Owen’s face turned to the door. He closed his eyes and locked his trembling knees and pushed up on his toes.
Michael was breathing hard. He heard his audience gasp, heard their great collective “No!”, heard the concert of their horror spilling in panic as they grabbed one another like victims of an executioner’s gun. The music soared in him and the searing eye of an imagined spotlight covered him with its heat. He raised the pitchfork and leaped across the floor, driving it hard into Owen’s throat, pinning him against the door.
Owen’s eyes snapped open in surprise. His tongue rolled in his opened mouth and a stream of blood spurted over his lips and down his chin and dripped across his chest. The face of his mother flew into the silver shell of his mind. He felt her fingers on him. His head swiveled back against the door and he died.

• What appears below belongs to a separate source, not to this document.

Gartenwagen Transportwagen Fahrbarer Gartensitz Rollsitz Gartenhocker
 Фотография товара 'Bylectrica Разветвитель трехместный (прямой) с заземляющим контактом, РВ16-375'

Michael stood, pushing with his weight against the pitchfork. Through the handle he could feel Owen’s body convulse and then relax as his life left him. A blinding white heat sliced through Michael’s brain like a whiplash and he shook his head to clear it. Then he stepped tentatively away. The pitchfork held Owen to the door like a limp bundle.
Michael stared at the dead man before him. The room was quiet. There was no audience. No music. No light. No sound. He closed his eyes to bring his audience back before him, to hear their applause. There was nothing.